All pathologic specimens enrolled in this study were collected from the Seoul National University Hospital biorepository operated by the Department of Pathology. The inclusion criteria were: (1) female patients who received chemotherapeutic medication with doxorubicin, cyclophosphamide, and docetaxel as preoperative therapy38; (2) biopsy samples available per-chemotherapeutic needle and post-chemotherapeutic surgical specimens for microscopic assessment of therapeutic effectiveness by the American Joint Committee on Cancer TNM39; (3) histologically confirmed T2 tumors with positive axillary nodes (N1); and (4) available immunohistochemical information for intrinsic subtyping. Tissue samples for immunohistochemical validation were divided into the following two sets: a discovery set consisting of a total of 38 needle biopsy samples collected from patients with non-pathologic and pathologic complete response (19 patients each).

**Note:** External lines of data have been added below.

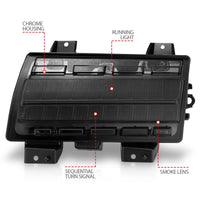 Thumbnail for ANZO Wrangler 18-21/Gladiator 20+ LED Side Marker Lights Smoke w Sequential Signal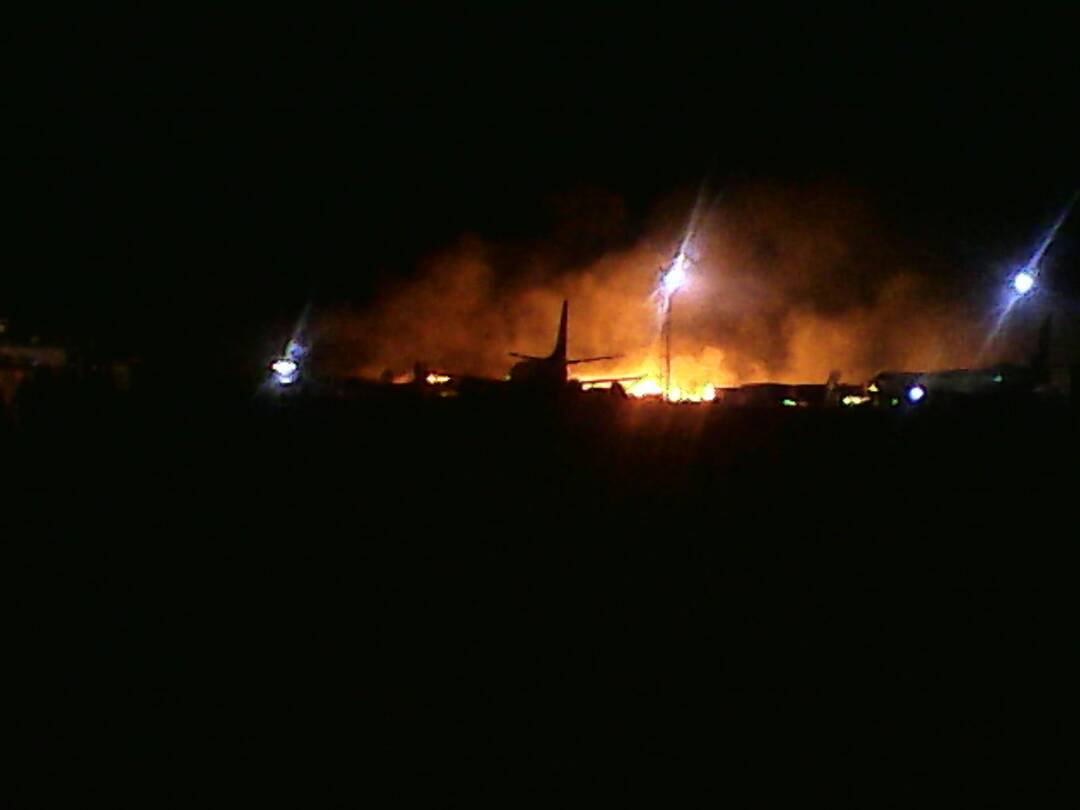 Reportan incendio en aeropuerto Arturo Michelena de Valencia (Video)
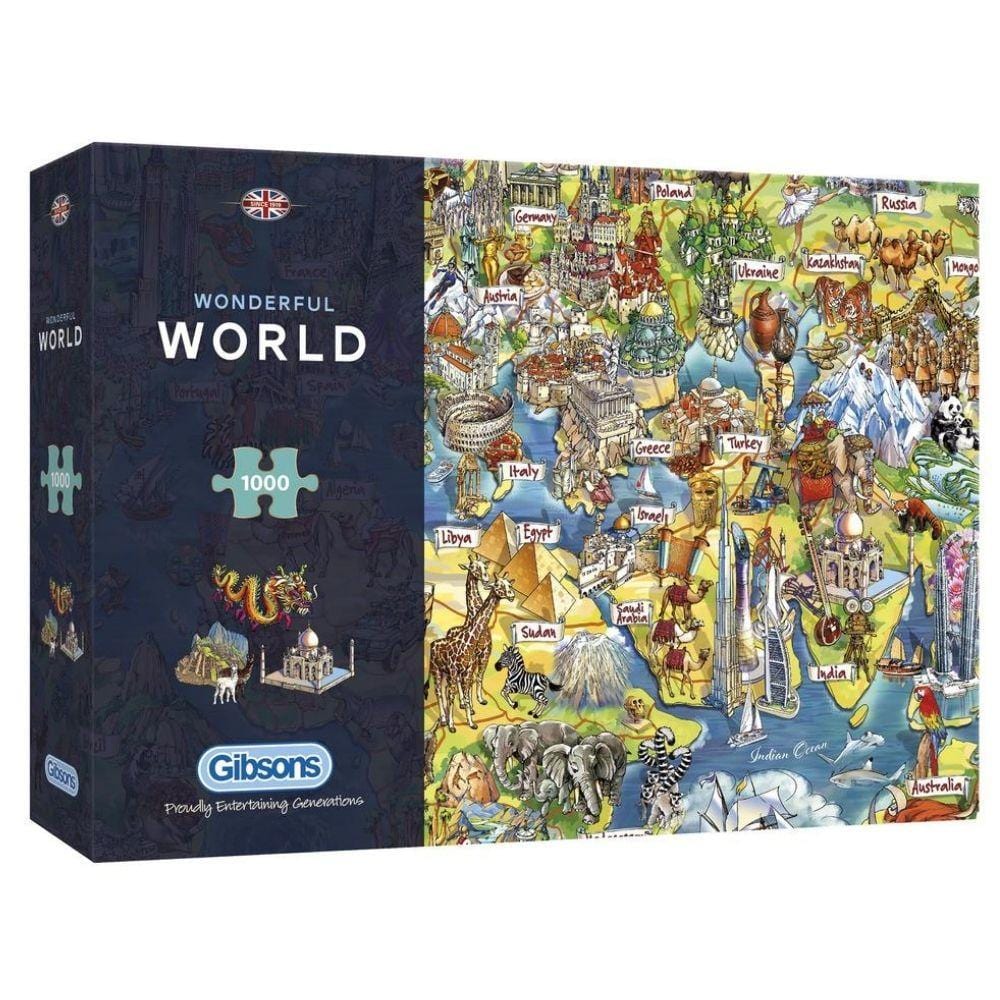 Gibsons Wonderful World 1000 Piece Jigsaw
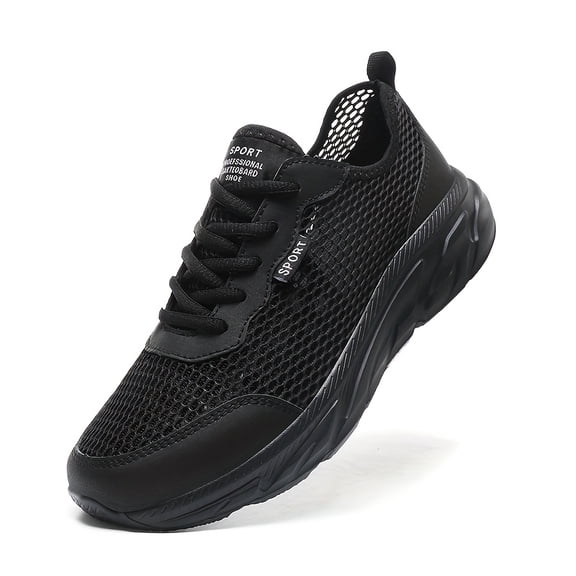 w 2026 Sizes 39-48, Spring New Breathable Mesh Lightweight Large Size Running Casual Shoes for Men,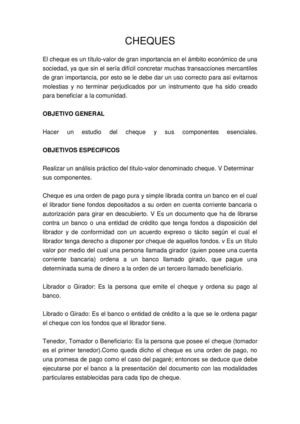 Cheques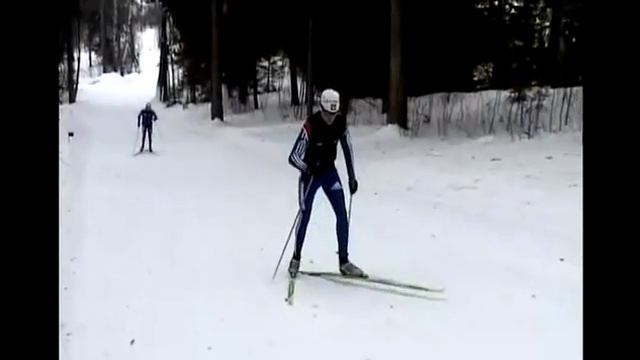 Школа беговых лыж. Урок №14: способы подъемов на лыжах смотреть онлайн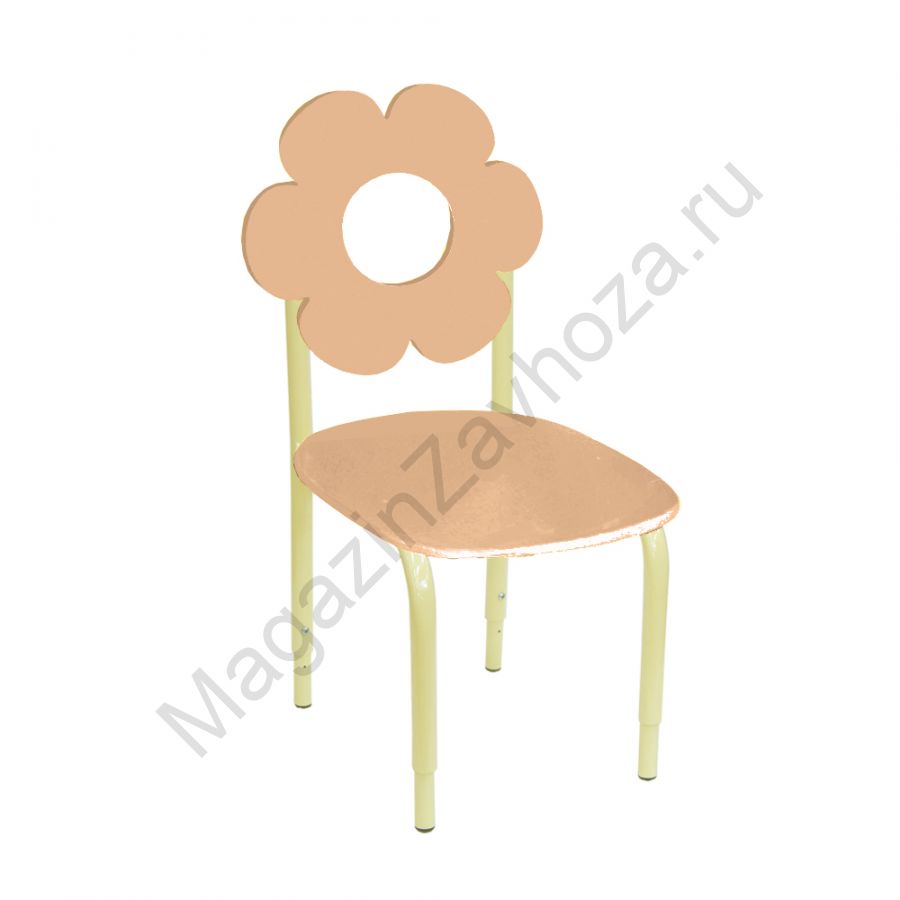 СТУЛ ДЕТСКИЙ НА М/К РЕГУЛИРУЕМЫЙ 2 МДФ ЦВЕТОК (СВЕТЛО-КОРИЧНЕВЫЙ)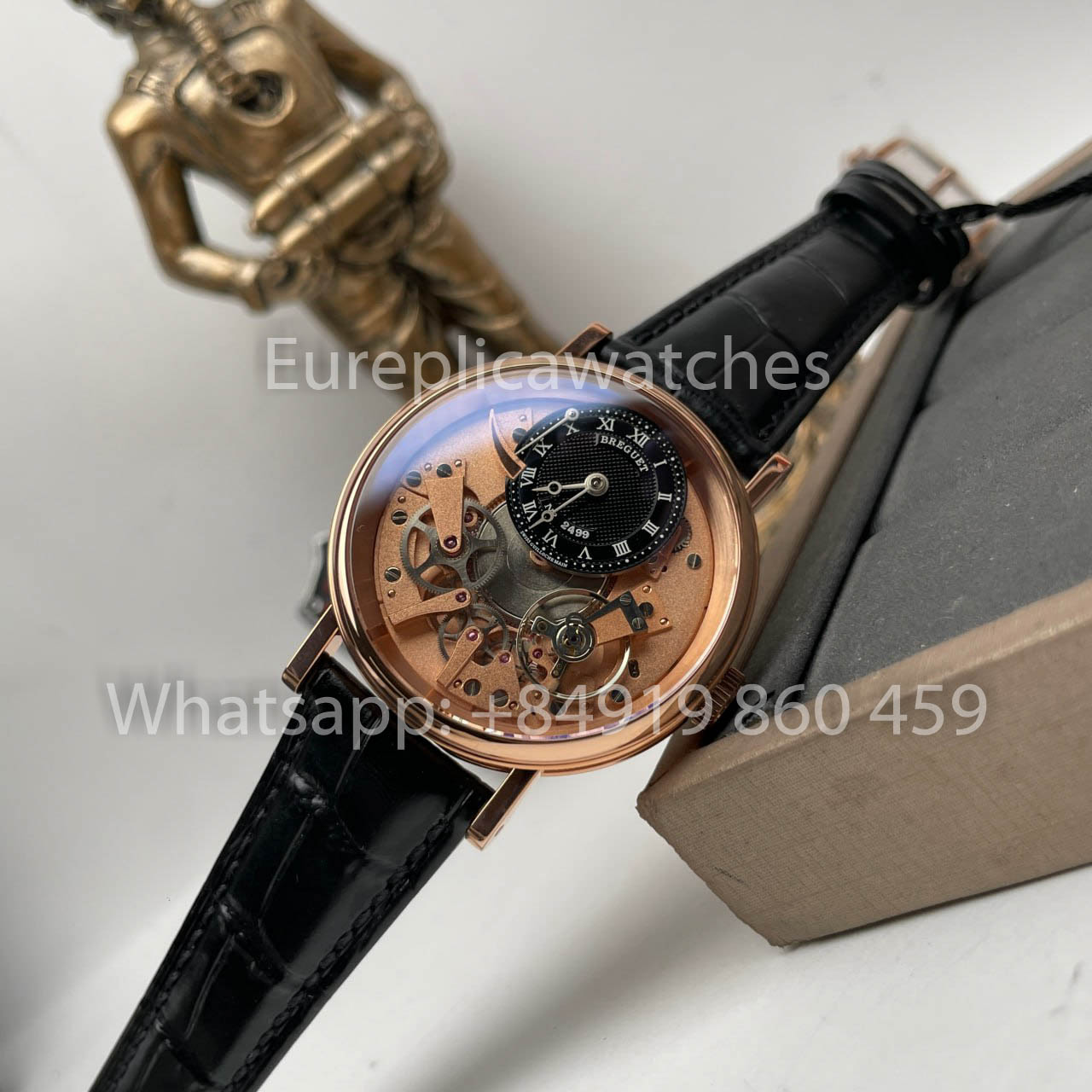 Breguet Tradition 7057BR/R9/9W6 1:1 Best Edition Rose Gold Dial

Survival analysis with public data

The associations between CD147 and CD276, and DFS and OS in HER2+ human BC and TNBC were analyzed using the METABRIC and GSE19615 (RNA‐Seq data: Gene Expression Omnibus) databases. Survival analysis was performed separately in the HER2+ BC and TNBC dataset based on chemotherapy. The DFS and OS of patients with BC in METABRIC and gene set enrichment datasets were analyzed through Cancer Target Gene Screening (http://ctgs.biohackers.net)40. A publicly available dataset from human breast cancer patients, METABRIC, was downloaded from cBioPortal (http://www.cbioportal.org/) and re-analyzed to investigate correlations and survival analyses.

Immunohistochemistry

Immunohistochemical staining was performed in formalin-fixed paraffin-embedded samples from 38 cases of HER2+ human BC obtained through needle biopsy prior to chemotherapy. The blocks were sectioned (thickness: 3 μm), and standard immunohistochemistry procedures for the slides prepared by fixation in 10% neutral buffered formalin solution or 95% ethanol were performed using a BenchMark automatic immunostaining device (Ventana BenchMark XT Staining System, Tucson, AZ, USA). Slides were incubated with anti-CD147 (GTX20666; GeneTex; dilution 1:75) and anti-CD276 (AF1027; R&D Systems; dilution 1:2,000). The immunohistochemical interpretation was evaluated by a semi-quantitative approach using an “H-score”41 in blind and independent manner by two pathologists (HSR and MSJ).

Statistical analysis

All statistical analyses were performed using GraphPad Prism 8 (GraphPad, San Diego, CA, USA). Results are presented as the means ± standard error of the means. Differences between two groups were assessed by the Student t-test. The error bars represent ± standard deviation of the experiments. We filtered candidate proteins for immunohistochemical validation using the Mann–Whitney U test to obtain variables showing significant differences between the two groups.